Expect pushback, especially from China and India.

“Expect pushback, especially from China and India. The EU is estimating revenue of €5-14 billion ($6-16bn) per annum from these taxes which, critically, will be received by the cash-strapped European Commission," Cebr said.

While a CBT aims to prevent environmental regulatory arbitrage by taxing the carbon content in imports, the current EU proposal aims to impose a tax on goods imported into the economic bloc by 2023 that would reflect the amount of carbon dioxide emissions attributed to their production, Cebr said.

“Part of the reasoning behind this is that if carbon pricing becomes more widespread in the advanced economies, their industries in the absence of CBTs risk being undercut by imports from countries with more lax carbon pricing or regulation,” Cebr said.

Cebr analysed carbon footprint data to assess who might be negatively affected by such a move and found that if a CBT was based on the carbon intensity of electricity generation, there would be some surprising winners and losers.

“China’s intensity is only 0.55 tonnes of CO2 per megawatt hour, only a little bit higher than that of USA (0.45), whereas Australia’s is 0.79," Cebr said.

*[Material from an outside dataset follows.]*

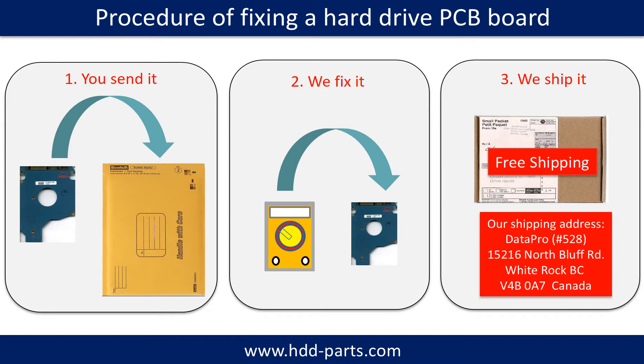This picture illustrates the procedure for fixing a hard drive PCB board. First, the client sends in their PCB board. Second, we fix the PCB board. Third, we ship the PCB board back to the client.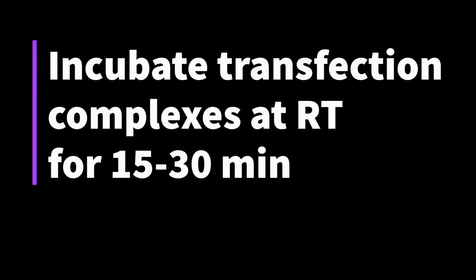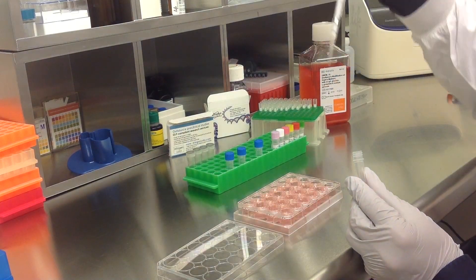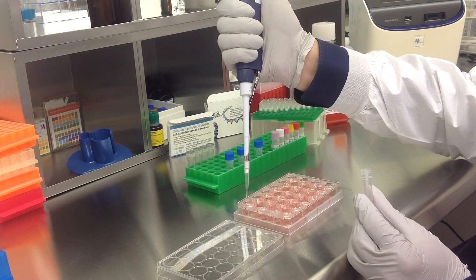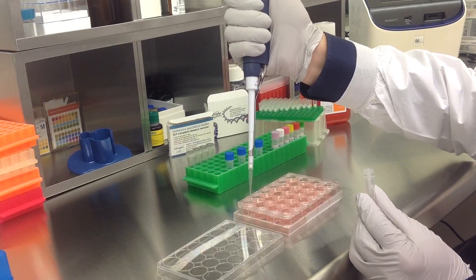Incubate the prepared transfection complexes at room temperature for 15 to 30 minutes, then add the prepared transfection complexes to the 500 microliters of complete growth medium.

“The respective figure for the UK is 0.25, for France it’s 0.04, for Germany 0.38 and for India 0.71. This illustrates why the US has traditionally been less in favour of CBTs, while France is an enthusiastic proponent.”

Cebr said the arguments against CBTs include the level of bureaucracy required, which could in turn be subject to pressure to grant special favours.
When goods are made in the EU, manufacturers are often required to buy permits for the climate-warming carbon emissions that are produced in the process.
Cebr said many of the most carbon-intensive businesses in the EU have been granted free carbon permits with the countries likely to lose out then tempted to retaliate.

There could also be a backlash among companies that would be hurt by rising import costs, such as car makers and construction companies that use steel products. Their annual profits could fall by 40 per cent, a Boston Consulting Group study of the EU carbon border tax proposal found.